3. Extending Your Analysis#

  1. review the class materials and annotate your notebook from this morning.

  2. extend your analysis in one of the three options below

  3. Prepare for class tomorrow by creating a GitHub account or adding your URI email to your existing one. Make sure you know (or have saved) your password.

3.1. Extension Option A: customize your plots#

  1. read about seaborn’s set_theme

  2. customize your pandas plots to be styled for a poster and use a colorblind friendly color palett

  3. use seaborn’s catplot to make your plot of the distribution of the scores more like the ones in the article (two separate subplots with African-American on the top and Caucasion on the bottom)

  4. Make 2 additional plots of different types and include 3 new customizations

3.2. Extension Option B: more statistics#

  1. Use the mode to find the most common compas score per race group.

  2. Find the most common outcome (re-arrested or not) for each compas score (1-10) and each race

  3. Create a new column that is 1 or 0 if the high/low compas score matches if the person was re-arrested or not use df['new_column_name'] = new value to create a column and use == to compare two values to see if they are equal or not

  4. Compute the percent correct predictions of the compas algorithm overall

  5. Compute the percent correct predictions of the compas algorithm per race

  6. Compute the percent correct predictions of the compas algorithm per race and for high/low scores

3.3. Extension Option C: more criticism of COMPAS#

(tutorial)

Disparate impact is a legal concept used to describe situations when an entity such as an employer inadvertently discriminates against a certain protected group. This is distinct from disparate treatment where discrimination is intentional.
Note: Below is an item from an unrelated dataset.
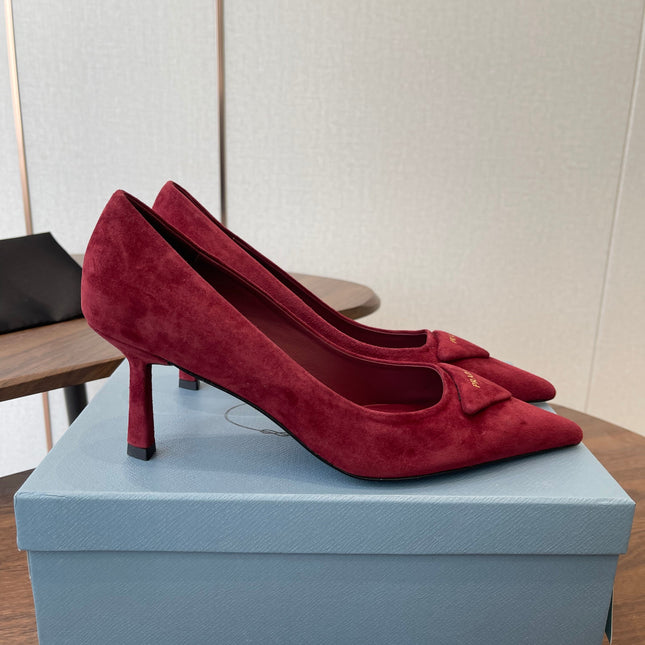PRADA 26S POINTED TOE HIGH HEELS 75MM IN DARK RED SUEDE WITH LOGO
To demonstrate cases of disparate impact, the Equal Opportunity Commission (EEOC) proposed “rule of thumb” is known as the The 80% rule.

Feldman et al. adapted a fairness metric from this principle. For our application, it states that the ratio of the percentage of defendants predicted to be high risk in each protected group (in this case whites and African-Americans) should be above 80%.

3.3.1. Functions in Python#

We define functions in Python like this:

def name_of_function(argument): # signature of function
    '''
    decription of function 

    Parameters
    ----------
    arguments : type
        description of argument

    Returns
    -------
    value
    '''
    #body of function
    value = argument *3
    return value

The long comment in the ''' is called the docstring.

Write a function to print a greeting like this:

Hello World!

def greeting(name):
    '''
    greet a specific person

    Parameters
    ----------
    name: string
        name of person to greet
    
    '''
    print('hello', name)

Call your function in a new cell with

greeting('Sarah')

Does it do what you expect. Try a few other values.

Use help on your funtion. What does it show you? How could you modify the help?

It shows you the docstring. You can write whatever a person using your function would need there

Now try to check if it prints the right thing with a formal test using assert

assert greeting('sarah') == 'hello sarah'
why did it break?

That function does not return anything, but it does something, so if we wanted to test it, it’s hard.

It does do something so that is called side effect.

A better function would return the greeting instead of printing it; this is more versatile (it can be used in more different ways) and easier to write automated tests for.

def greeting(name):
    '''
    greet a specific person

    Parameters
    ----------
    name: string
        name of person to greet
    
    '''
    return 'hello ' +  name

Now lets write our disparate impact function. I’ll give you the template, You fill in the body

def disparate_impact_score(advantaged_score, disadvantaged_score):
    '''
    calculate DI ratio of advantaged:disadvantaged

    Parameters
    ----------
    advantaged_score : float
        score for advantaged group
    disadvantaged_score : float
        score for disadvantaged group
    
    Returns
    -------
    di_ratio : float
        disparate impact score
    '''
     

Now apply the disparate impact score to the real world outcomes and the COMPAS score. Does that make you think COMPAS is fair or not?